Intel® FPGA Academic Program Teaching Materials
Digital Logic
Summary
Gain an understanding of the design of digital logic circuits using Intel® FPGA devices. Topics covered include:
- Describing hardware using Verilog or VHDL
- Designing circuits to perform arithmetic calculations
- Building complex designs from multiple functions and Intel® FPGA IP
By the end of this course, students will have practical knowledge of:
- Combinational and sequential logic
- Key logic elements such as storage, clocks, and memory
- How to implement finite state machines in circuitry
- How to write, compile, synthesize, and download hardware designs for FPGAs
Professors: To request solutions, source material, software licenses, and teaching hardware, enroll in the Intel® FPGA Academic Program.
Instructor Notes
- Prerequisite topics can be taught in the lecture sessions leading up to each lab session.
- Any Terasic DE-Series FPGA development kit can be used with these exercises.
Prerequisites
- Fundamentals of electronics
- Boolean logic
- Any programming language
Recommended Tools & Tutorials
- Intel® Quartus® Prime Design Software (Lite edition)
- ModelSim*-Intel FPGA Edition Software (Starter edition)
- Hardware design tutorials
- Timing, simulation, and debugging tutorials
This .zip file contains all the Verilog and VHDL files for all the labs listed.
Lab 1: Switches, Lights, and Multiplexers
Get an introduction to circuit design using a hardware description language.
- Set up and configure a project.
- Connect simple input and output devices.
- Learn about select circuits and how to build different size multiplexers.
- Apply skills to write words to seven-segment displays.
- Implement and test circuits on an FPGA device.
Lab 2: Numbers and Displays
Build on the previous exercises by learning about simple encoding, arithmetic, and combinational logic.
- Convert binary inputs to decimal outputs.

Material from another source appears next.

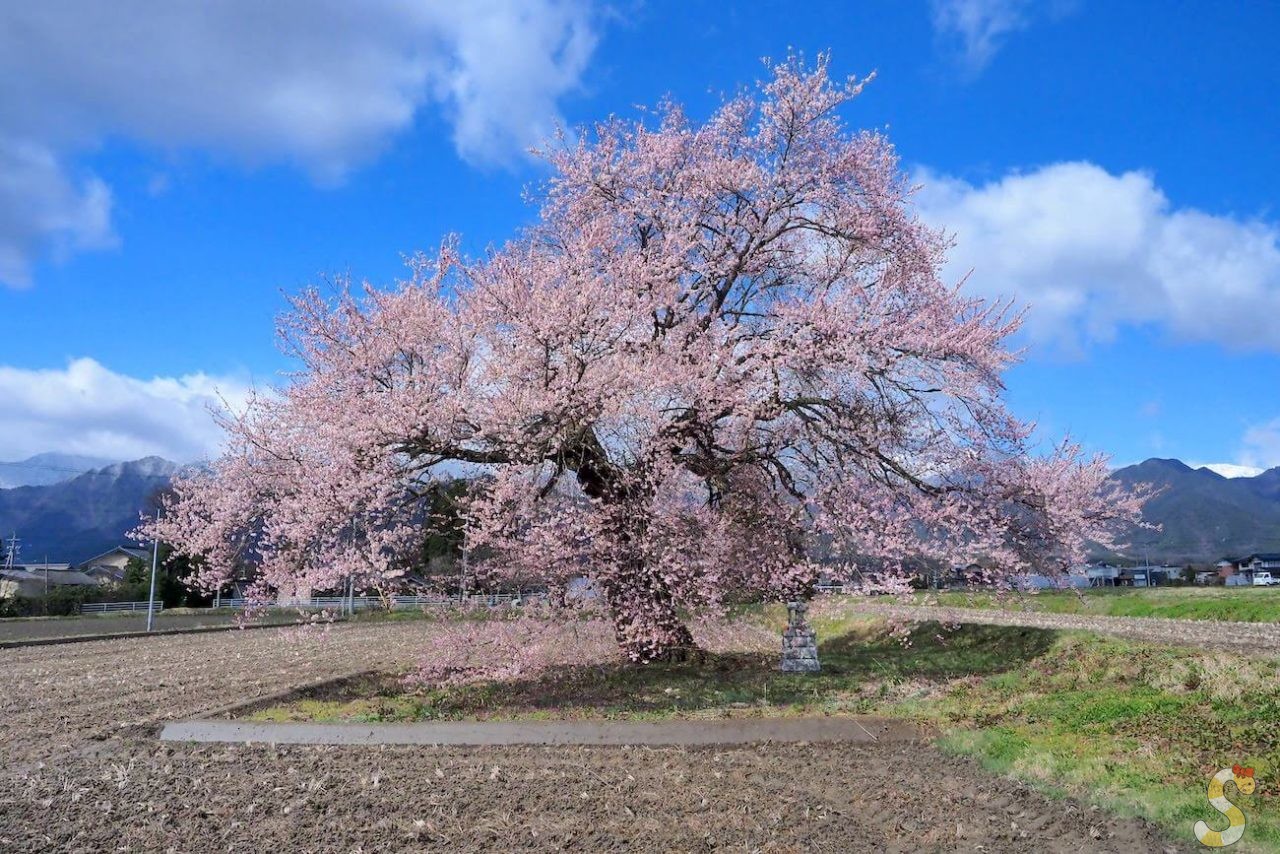 大町市須沼の田打ち桜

- Add two 4-bit numbers using a full adder.
- Learn how if-else statements can be used to simplify the description of your hardware design.
Lab 3: Latches, Flip-Flops, and Registers
This exercise introduces storage elements and sequential logical.

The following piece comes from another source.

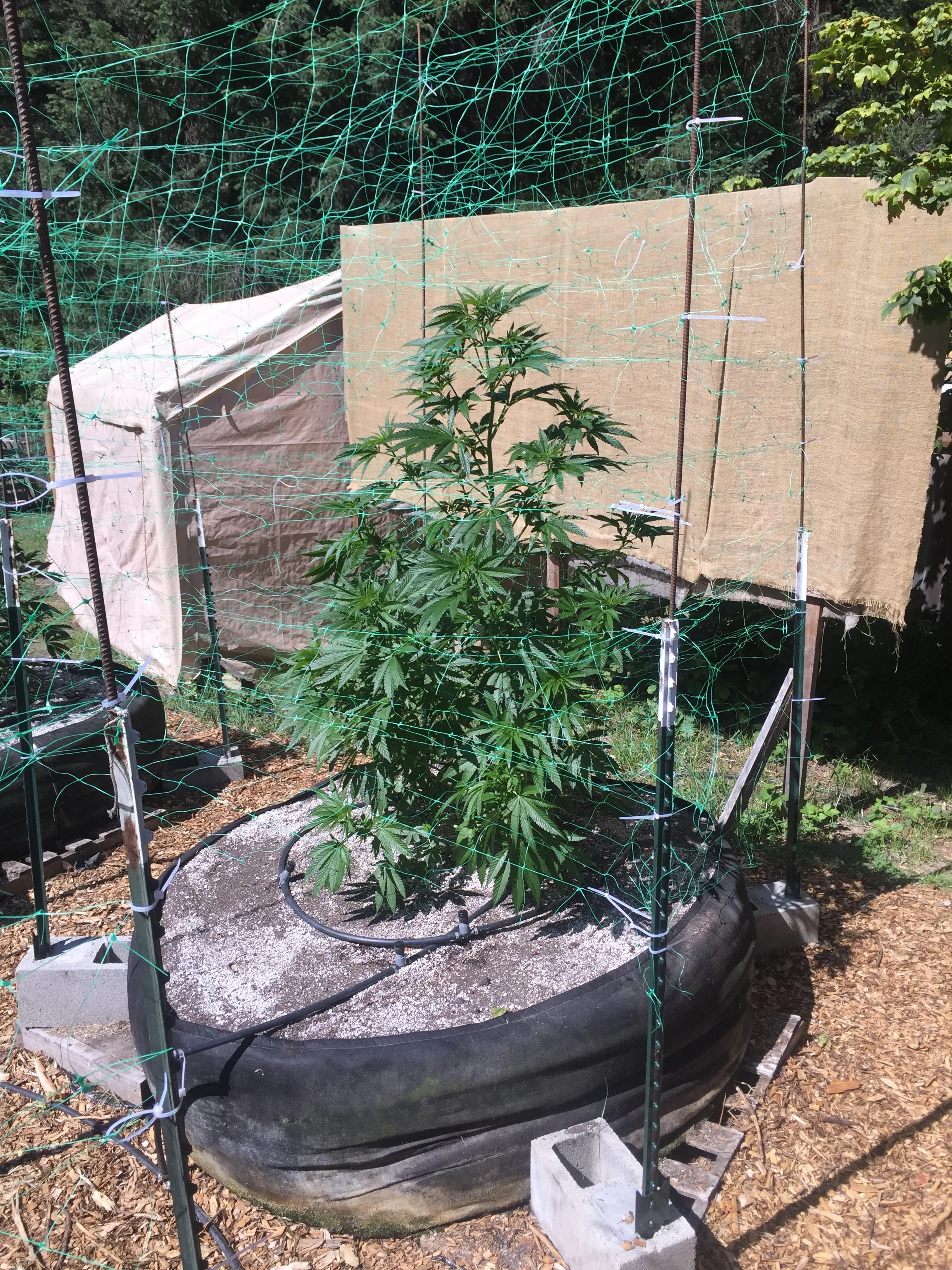 May (Photo courtesy of Cannabis Horticultural Association)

- Use logic gates, Boolean expressions, or behavioral-style code to implement the same designs.
- Build and simulate gated RS latch, gated D latch, and D flip-flop circuits.
- Analyze how the compiler maps your designs to the FPGA hardware.

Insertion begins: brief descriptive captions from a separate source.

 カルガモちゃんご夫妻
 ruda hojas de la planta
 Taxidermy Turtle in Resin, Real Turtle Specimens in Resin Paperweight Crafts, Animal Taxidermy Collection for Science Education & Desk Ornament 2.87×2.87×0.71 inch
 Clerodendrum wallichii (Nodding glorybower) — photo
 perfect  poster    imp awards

Lab 6: Adders, Subtractors, and Multipliers
Examine arithmetic circuits that perform calculations.
- Implement an accumulator circuit with carry-out and overflow signals.
- Modify the accumulator to also add and subtract numbers.
- Compare multiplier architectures using a sequence of additions versus an adder tree.
Lab 7: Finite State Machines
Get an introduction to finite state machines (FSMs) and their design in digital logic.
- Manually derive the logic expressions needed for each state flip-flop in an FSM.
- Use a case statement to describe the state table for the same FSM.
- Implement a morse-code encoder using an FSM.
Lab 8: Memory Blocks
Practice using memory resources that exist within the FPGA device.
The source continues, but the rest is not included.